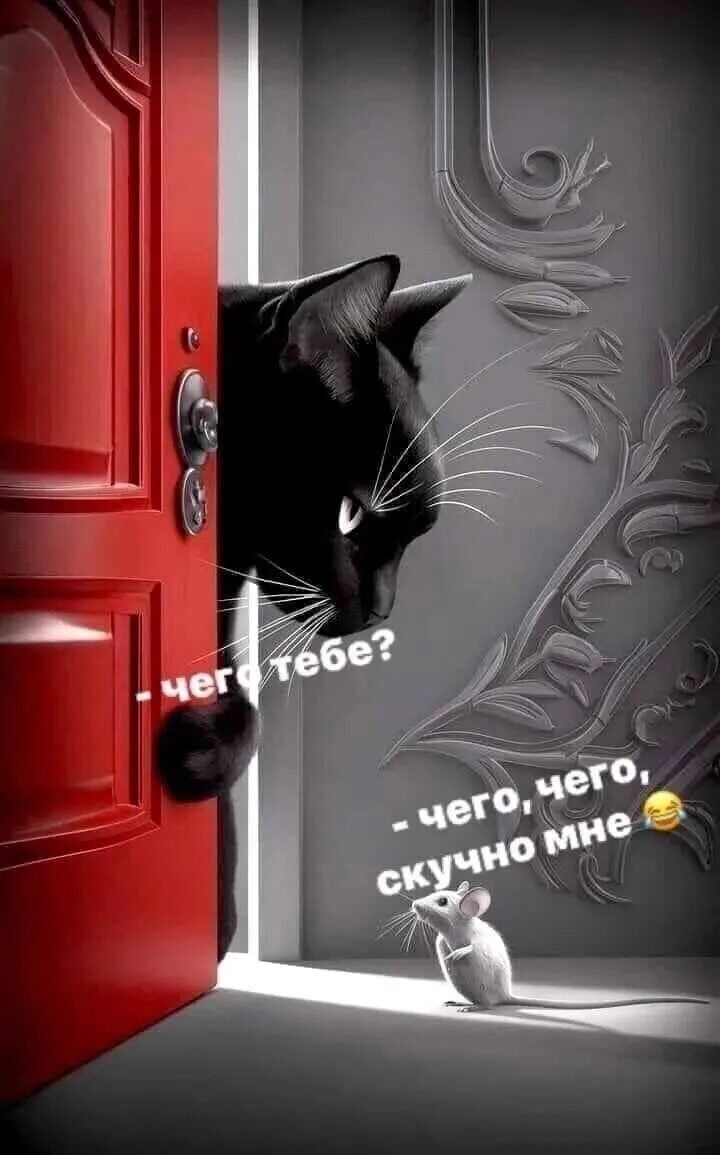 - чего тебе?
- чего, чего, скучно мне 😂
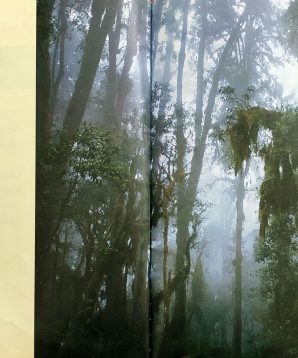 Alternative view of A cheeky chiller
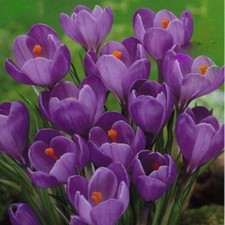 Pack 15 Crocus Bulbs 'Purple'
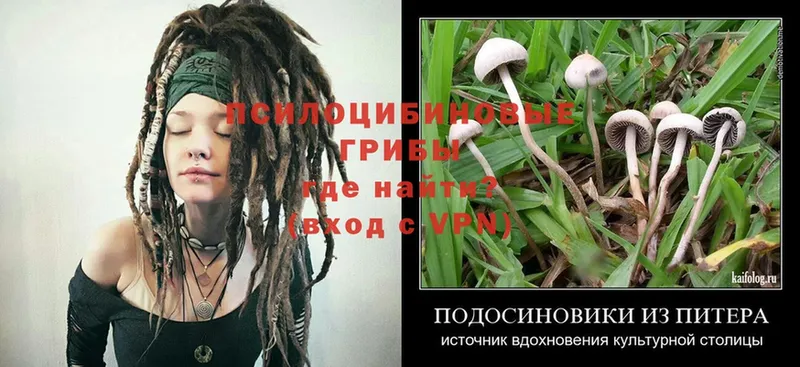 Галлюциногенные грибы Magic Shrooms  darknet как зайти  Димитровград  hydra как войти 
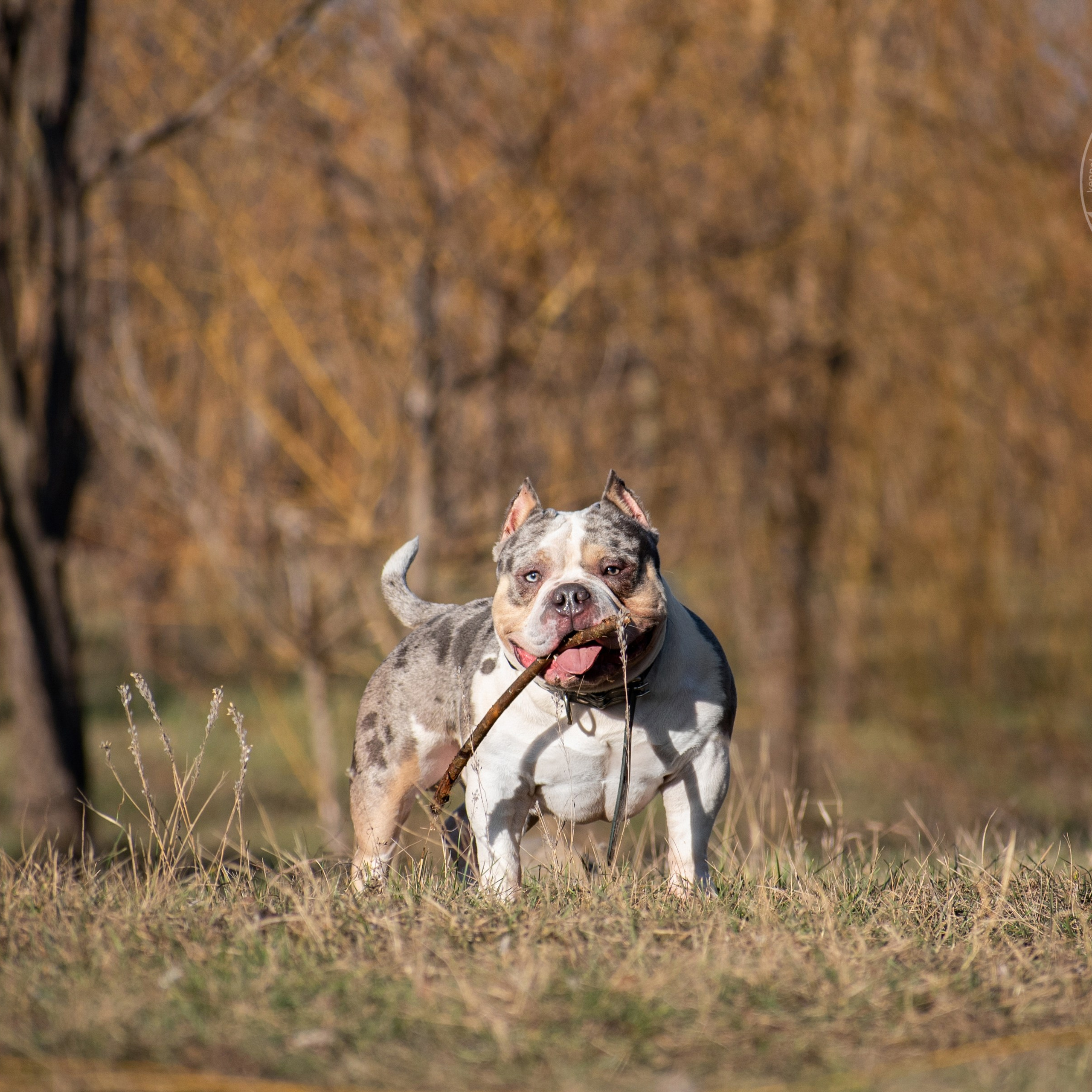 Каспер - кобель американский булли покет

REQUIRED WORK:
A faithful transcription of the material, with no pictures, is the expected result.

REPLY TO THE TASK:
 - чего тебе?
- чего, чего, скучно мне 😂
 Alternative view of A cheeky chiller
 Pack 15 Crocus Bulbs 'Purple'
 Галлюциногенные грибы Magic Shrooms  darknet как зайти  Димитровград  hydra как войти 
 Каспер - кобель американский булли покет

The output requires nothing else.